Conflict is an inevitable social and organizational reality. It also holds great potential for harm and good. Conflict can be damaging to organizations, agencies, and business. It has the potential to destroy morale, polarize coworkers, and divert precious energy from meeting organizational goals.

The ability to identify, analyze, and resolve conflicts is a skilled required for just about every profession.

The 30-credit hour, interdisciplinary master of science in conflict analysis is designed to train students to assess the cause of and design practical means to move beyond conflict to achieve personal and institutional objectives. The program combines theory and application to address the need for highly skilled conflict resolvers to work in various fields in both public and private sectors.

Conflict Analysis and Resolution, M.S.

Degree Information

This unique multidisciplinary master's program appeals to both current undergraduate students who would like to continue their education by becoming experts at resolving conflicts and professionals wanting to obtain strategies for conflict analysis and resolution. 

The 2017 Buffalo Niagara Labor Market Assessment (LMA) concluded that over the next 10 years, more than 137,600 Buffalo Niagara workers will be over the age of 65. If all these workers retired, a fifth of current jobs would become vacant. Over half of the vacancies would be seen in four industries: health, manufacturing, education, and professional services.

Specialized knowledge and skills that will be required by new workers include complex problem solving, ability to handle and resolve complaints, negotiation, communication, coordination, troubleshooting.
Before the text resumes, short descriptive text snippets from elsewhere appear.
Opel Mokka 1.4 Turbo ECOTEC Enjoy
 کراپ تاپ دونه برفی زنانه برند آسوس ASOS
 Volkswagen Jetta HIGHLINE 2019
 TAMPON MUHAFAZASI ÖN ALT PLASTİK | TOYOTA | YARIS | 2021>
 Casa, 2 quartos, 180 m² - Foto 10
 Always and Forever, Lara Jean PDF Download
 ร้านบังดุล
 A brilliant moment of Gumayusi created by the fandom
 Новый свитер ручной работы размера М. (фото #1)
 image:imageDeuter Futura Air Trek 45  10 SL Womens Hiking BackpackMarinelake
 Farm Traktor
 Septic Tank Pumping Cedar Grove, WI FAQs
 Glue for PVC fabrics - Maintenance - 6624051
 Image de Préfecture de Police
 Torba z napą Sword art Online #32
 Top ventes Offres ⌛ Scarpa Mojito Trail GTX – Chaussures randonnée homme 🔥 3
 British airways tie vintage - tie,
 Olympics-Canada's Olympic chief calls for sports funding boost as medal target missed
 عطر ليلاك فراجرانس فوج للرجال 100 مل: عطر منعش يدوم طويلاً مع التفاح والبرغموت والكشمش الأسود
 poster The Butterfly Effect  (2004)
The master’s program addresses the need for highly skilled conflict resolvers to work in myriad professions:

  • Business
  • Criminal justice
  • Education
  • Government
  • Health care
  • Labor relations
  • Ministry 

Focus

The program has an applied focus and is designed around conflict resolution pillars/competencies:

  • The theoretical approaches in understanding the why and how conflict exist and escalate
     
  • The dynamics of conflict
     
  • The practical methods for assessing and evaluating conflict
     
  • The stages of conflict resolution process and storytelling.

Outcomes

Students who successfully complete the program will have achieved a minimal standard on the following student learning outcomes:

  • Assessing differing forms of conflict through an interactive process of engagement;
     
  • Applying current theoretical knowledge to categorize and assess multiple conflict situations;
     
  • Determining the most efficient and beneficial response to multiple conflict situations;
     
  • Formulating appropriate responses to achieve a successful conflict resolution; and
     
  • Establish institutional mechanisms and procedures to prevent future similar conflicts from developing.

Crossing Disciplines

Scholars, specialists, and experts, from the fields of criminal justice, government, education, and social services teach the courses, demonstrate conflict analysis and resolution skills, and to provide internship and research opportunities.

Unique to SUNY

Buffalo State College is the first in the State University of New York (SUNY) system and in Western New York to offer graduate instruction in conflict analysis and resolution. 

Become an Expert

Continue your education by becoming an expert at resolving conflicts and obtain conflict analysis strategies that you can apply to your job, your community, and the world at large. 

Superb Location

The master's program capitalizes on Buffalo State’s urban location, international border, economic cost, and the ebb and flow of local, regional and national politics and policies.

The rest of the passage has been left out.